While Fred excels at pulling together fresh teams for these showcase incubator series, and the newest Frederator project, Random Cartoons, is another installment in Fred's trademark genre. Frederator has also produced the Nicktoons Film Festival, an open call for shorts from animators of all stripes. The best shorts are aired on TV and the possibility of being the next Frederator star looms large for the participants. Fred is serious about crowdsourcing and his methods have brought TV some of the most innovative and hilarious cartoons of the past 15 years.

However, Fred (who was also MTV's first creative director, producer of the early MTV and Nick animated IDs, and savior of Nickelodeon with the Nick at Nite concept) is no one-trick-pony; Frederator's online offerings rival their TV projects, and Frederator gets it right so much more throughly than almost anyone else in the TV business it's a little shocking. For instance, check out one of Frederator's 65 blogs, including Fred's official blog or the Fairly Odd Blog. While it's still unique for a studio to essentially insist that each project has a corresponding blog, the best parts of the Frederator online presence are their web-native projects.

Channel Frederator takes Fred's trademark approach -- welcome all comers -- and ports it online into a channel full of new cartoon shorts that anyone can submit to and a podcast of the best stuff. There's also annual Channel Frederator Awards (voting is now open for the best of 2007) and one truly standout original series of shorts: The Meth Minute 39, by Dan Meth. The Meth Minute can best be described as the Wario Ware of cartoons; short, hilarious, usually inappropriate, steeped in pop references, and with many sets of recurring characters. The latest episode of the Meth Minute features Ultra and the Lazer Hearts, who exist to hang jokes upon the truly outrageous carcass of Jem and the Holograms. One of Meth's most-forwarded shorts is the undeniably NSFW Dog Video Dating, and the first episode, meme-tribute Internet People, became a bit of a meme of its own. Even the Meth Minute 39 is in on Fred's crowdsourcing mission, currently running a contest to find the best viewer-created short using meth minute characters, with a cash prize.

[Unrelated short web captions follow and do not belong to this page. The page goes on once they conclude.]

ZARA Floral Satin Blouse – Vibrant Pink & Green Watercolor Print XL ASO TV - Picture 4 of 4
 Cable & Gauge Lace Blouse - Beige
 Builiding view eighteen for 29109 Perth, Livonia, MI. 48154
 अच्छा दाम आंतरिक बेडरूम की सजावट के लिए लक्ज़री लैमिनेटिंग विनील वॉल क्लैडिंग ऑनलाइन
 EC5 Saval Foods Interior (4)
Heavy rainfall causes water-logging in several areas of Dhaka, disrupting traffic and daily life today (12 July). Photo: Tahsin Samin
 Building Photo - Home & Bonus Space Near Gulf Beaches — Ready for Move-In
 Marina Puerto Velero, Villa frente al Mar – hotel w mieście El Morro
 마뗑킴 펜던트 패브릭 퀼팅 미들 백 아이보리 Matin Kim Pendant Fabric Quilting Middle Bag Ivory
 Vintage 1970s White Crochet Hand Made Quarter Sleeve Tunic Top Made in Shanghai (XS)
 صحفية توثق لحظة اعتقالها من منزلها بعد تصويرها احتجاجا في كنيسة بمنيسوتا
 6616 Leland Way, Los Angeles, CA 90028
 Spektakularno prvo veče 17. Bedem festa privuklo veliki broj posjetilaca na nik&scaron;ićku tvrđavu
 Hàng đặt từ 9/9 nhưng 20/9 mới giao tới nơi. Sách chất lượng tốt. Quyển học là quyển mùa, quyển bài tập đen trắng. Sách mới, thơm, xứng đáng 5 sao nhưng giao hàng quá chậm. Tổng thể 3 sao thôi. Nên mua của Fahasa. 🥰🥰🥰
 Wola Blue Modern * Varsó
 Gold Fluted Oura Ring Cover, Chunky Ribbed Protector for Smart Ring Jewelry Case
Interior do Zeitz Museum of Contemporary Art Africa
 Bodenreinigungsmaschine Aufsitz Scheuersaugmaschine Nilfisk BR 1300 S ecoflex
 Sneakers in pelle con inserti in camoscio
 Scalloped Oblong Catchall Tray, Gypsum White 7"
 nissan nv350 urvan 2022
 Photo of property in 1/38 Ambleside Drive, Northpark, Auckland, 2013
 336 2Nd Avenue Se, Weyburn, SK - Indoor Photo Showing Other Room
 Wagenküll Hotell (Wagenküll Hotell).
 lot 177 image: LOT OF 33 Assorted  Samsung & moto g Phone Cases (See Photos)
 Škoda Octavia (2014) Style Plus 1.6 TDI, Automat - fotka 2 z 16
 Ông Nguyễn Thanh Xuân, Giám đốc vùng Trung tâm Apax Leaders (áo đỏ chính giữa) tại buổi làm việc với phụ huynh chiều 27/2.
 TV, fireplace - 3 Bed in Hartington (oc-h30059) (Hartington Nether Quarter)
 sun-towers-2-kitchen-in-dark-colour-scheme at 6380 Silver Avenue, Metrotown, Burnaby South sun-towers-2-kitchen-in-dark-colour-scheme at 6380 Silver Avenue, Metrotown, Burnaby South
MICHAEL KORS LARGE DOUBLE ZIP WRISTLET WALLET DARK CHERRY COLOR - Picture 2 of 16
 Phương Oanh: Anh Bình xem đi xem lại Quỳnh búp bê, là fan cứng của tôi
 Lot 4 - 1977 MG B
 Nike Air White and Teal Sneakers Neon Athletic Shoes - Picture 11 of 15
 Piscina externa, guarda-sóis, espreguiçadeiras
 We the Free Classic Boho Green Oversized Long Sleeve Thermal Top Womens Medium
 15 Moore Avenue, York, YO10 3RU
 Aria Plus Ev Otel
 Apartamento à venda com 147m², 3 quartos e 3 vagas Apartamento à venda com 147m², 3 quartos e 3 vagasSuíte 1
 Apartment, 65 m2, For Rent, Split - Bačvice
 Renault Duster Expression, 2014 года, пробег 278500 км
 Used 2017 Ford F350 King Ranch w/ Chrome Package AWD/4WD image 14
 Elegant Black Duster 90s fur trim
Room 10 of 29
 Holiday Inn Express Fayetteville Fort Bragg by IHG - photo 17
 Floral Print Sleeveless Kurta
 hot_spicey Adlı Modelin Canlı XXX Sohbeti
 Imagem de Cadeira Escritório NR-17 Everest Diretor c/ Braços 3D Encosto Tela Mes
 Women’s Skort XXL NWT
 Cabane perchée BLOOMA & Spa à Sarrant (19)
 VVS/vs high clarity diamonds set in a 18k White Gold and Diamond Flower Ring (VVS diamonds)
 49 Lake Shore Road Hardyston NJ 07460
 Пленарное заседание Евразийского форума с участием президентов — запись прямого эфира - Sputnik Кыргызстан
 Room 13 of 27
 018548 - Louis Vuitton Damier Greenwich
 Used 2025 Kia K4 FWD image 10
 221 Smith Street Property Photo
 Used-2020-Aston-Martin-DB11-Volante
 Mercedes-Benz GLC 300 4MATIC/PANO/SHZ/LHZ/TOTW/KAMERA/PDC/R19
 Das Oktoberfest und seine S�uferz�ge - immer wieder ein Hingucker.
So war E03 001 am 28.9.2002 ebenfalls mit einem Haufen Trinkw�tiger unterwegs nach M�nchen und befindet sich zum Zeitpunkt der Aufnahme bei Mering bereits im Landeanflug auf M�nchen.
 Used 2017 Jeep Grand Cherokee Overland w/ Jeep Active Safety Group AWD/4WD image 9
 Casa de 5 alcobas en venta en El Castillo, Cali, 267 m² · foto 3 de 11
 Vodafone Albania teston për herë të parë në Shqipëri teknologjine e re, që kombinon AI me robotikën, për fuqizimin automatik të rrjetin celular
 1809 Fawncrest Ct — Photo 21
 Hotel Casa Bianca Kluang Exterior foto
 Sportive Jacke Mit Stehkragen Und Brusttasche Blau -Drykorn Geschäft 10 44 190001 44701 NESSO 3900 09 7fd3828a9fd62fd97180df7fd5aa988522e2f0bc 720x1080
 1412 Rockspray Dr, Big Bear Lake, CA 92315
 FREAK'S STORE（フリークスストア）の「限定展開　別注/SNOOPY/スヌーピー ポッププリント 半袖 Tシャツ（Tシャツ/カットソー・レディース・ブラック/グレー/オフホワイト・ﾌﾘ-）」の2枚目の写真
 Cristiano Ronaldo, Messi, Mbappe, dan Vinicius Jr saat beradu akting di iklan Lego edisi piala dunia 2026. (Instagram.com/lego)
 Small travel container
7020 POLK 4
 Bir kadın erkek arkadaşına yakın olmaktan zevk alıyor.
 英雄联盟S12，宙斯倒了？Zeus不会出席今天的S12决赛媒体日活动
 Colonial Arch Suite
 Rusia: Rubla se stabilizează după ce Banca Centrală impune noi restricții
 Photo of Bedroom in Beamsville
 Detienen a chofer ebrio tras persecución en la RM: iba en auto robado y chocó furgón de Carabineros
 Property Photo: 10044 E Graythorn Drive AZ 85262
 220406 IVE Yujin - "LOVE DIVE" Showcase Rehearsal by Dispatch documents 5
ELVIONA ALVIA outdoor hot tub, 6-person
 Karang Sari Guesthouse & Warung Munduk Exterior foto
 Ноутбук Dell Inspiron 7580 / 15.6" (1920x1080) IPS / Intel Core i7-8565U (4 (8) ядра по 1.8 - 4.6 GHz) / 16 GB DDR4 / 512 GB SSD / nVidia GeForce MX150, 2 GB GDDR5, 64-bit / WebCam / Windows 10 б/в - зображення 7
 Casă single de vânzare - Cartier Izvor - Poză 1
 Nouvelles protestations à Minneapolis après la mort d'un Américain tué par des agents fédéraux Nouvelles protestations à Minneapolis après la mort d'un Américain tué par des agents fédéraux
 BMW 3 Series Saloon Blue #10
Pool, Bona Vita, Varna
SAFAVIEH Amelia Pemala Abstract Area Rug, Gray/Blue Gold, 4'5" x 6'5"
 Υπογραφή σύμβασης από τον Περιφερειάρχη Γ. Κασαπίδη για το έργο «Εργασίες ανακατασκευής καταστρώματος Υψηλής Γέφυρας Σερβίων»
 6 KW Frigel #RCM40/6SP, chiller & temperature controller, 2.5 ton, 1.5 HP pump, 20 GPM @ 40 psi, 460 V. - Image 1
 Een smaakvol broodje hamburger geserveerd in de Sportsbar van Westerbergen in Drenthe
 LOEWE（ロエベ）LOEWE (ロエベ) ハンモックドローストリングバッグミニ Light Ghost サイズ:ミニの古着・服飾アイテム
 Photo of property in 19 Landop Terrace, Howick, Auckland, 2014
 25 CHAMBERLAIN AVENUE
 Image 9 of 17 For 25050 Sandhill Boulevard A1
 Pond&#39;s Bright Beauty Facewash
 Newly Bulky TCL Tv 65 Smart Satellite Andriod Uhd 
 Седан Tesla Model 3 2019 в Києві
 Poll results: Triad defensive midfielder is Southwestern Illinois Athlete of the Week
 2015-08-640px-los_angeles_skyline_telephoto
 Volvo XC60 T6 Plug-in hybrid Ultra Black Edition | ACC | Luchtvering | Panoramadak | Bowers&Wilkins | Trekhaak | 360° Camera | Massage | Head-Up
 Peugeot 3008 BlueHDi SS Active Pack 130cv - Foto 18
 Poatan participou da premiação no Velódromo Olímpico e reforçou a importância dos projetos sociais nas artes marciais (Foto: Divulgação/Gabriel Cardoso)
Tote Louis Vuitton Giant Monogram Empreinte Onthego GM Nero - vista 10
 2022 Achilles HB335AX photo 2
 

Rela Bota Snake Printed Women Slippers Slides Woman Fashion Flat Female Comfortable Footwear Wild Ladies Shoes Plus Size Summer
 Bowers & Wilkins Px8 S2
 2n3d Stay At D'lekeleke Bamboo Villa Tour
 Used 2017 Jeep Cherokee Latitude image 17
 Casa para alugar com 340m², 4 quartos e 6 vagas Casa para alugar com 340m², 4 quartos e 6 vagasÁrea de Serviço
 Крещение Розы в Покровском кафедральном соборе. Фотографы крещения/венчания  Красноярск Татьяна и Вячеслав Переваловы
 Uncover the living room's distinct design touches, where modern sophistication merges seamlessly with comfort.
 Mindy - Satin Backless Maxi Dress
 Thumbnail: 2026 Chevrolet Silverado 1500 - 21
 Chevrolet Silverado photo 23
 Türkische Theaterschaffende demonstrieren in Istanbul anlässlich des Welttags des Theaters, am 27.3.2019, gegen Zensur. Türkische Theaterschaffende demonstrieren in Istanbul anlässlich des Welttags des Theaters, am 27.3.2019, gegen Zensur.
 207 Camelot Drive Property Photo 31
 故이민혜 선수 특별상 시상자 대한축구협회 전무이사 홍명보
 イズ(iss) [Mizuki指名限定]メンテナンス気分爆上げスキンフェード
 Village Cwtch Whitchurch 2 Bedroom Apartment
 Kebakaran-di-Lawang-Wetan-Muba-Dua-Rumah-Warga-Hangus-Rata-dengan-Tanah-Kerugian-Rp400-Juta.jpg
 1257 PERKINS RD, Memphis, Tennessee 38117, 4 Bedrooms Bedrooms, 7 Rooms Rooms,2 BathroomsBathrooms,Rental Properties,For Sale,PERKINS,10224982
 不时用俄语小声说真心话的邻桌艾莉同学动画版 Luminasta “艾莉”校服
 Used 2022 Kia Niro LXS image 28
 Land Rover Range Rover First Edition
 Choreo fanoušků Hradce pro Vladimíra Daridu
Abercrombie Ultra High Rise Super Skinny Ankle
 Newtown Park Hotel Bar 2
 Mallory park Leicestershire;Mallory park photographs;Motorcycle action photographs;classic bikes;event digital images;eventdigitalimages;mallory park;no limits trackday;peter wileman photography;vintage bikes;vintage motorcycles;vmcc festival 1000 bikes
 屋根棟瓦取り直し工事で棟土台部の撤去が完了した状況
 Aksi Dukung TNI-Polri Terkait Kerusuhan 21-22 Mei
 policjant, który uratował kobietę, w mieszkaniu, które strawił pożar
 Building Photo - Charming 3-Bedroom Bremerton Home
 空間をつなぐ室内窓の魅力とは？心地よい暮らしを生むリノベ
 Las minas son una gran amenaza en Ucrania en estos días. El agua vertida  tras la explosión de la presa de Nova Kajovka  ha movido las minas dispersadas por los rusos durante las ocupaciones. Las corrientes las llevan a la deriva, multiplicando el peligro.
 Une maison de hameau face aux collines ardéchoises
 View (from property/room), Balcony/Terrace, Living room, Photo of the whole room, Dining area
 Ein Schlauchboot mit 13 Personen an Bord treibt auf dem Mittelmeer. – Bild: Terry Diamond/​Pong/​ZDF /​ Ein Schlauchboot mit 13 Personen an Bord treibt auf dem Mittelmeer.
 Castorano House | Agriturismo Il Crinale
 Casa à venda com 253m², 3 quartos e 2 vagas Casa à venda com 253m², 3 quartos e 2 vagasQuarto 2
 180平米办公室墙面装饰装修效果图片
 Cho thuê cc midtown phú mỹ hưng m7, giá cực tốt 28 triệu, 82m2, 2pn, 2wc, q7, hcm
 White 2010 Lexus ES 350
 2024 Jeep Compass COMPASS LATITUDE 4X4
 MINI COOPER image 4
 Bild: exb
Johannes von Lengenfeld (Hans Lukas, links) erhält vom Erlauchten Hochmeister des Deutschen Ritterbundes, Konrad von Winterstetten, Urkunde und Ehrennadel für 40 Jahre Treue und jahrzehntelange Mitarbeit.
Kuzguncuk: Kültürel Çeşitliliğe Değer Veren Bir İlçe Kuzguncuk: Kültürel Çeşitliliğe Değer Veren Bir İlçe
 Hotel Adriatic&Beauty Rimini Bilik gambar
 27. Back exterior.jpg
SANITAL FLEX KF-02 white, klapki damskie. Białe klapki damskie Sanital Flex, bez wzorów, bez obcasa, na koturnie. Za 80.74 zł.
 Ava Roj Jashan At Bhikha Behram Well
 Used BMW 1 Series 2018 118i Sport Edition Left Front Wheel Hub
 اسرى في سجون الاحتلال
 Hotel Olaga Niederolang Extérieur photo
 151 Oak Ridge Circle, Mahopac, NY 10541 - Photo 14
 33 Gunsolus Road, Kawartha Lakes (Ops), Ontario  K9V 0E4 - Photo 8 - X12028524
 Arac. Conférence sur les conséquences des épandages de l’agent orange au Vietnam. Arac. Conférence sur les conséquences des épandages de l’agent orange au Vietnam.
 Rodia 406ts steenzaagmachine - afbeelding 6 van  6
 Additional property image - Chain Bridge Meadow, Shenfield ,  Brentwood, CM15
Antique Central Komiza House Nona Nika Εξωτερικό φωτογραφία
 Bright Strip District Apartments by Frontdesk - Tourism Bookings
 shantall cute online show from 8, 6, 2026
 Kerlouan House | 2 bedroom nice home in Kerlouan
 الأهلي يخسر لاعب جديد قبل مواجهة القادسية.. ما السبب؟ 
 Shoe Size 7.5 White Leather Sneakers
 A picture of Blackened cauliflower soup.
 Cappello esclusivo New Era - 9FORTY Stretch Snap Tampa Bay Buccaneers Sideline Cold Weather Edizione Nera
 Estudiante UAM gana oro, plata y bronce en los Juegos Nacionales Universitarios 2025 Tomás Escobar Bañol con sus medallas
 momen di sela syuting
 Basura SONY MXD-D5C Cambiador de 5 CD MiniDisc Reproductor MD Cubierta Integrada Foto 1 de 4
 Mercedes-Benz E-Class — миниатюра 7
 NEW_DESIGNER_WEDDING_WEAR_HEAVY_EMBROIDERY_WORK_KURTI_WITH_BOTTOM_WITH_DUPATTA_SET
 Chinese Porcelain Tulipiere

In addition to the awesomeness of Channel Frederator is ReFrederator, a simply amazing daily podcast that features a different vintage cartoon each day, along with some incredibly knowledgable posts. The work the ReFrederator folks are doing is nothing short of miraculous; acquiring, digitizing, and archiving priceless but usually commercially worthless cartoons in a modern format that's simply one of the very best podcasts on the whole dang intertubes.

However, the absolutely best thing that Fred has done recently has been to discover a guy named Pendleton Ward and give him the chance to make Adventure Time. Go watch Adventure Time right now, and be forewarned that the next time you see something really awesome, you just might find yourself using 'ALGEBRAIC!' as an expletive of awesomeness.

Frederator Studios is doing totally RHOMBUS work all over the place; but Channel Frederator is merely the anchor of Fred's newest corporation, nextnewnetworks, which takes Fred's proven old/new media flexibility and mastery and stretches the definition of a video network in a very forward-looking direction, towards nichier audiences and snappier, shorter, more frequent programming. See Ultra Kawaii (so cute it hurts), Threadbanger (for DIY Fashionistas), Vette Dogs (for corvette owners) or Total MMO (for Massively Mutliplayer Online gamers). Fred will rule the world someday, perched atop his shiny red armada of networks and viewer-created content flying in close formation. Submit now and you can say you were a Frederatorian before it was compulsory!

Labels: , , , , ,


  • At 12:57 PM, Blogger Fred Seibert said…

    Wow Eli! Your post just popped on my radar. Thanks for all the kind words.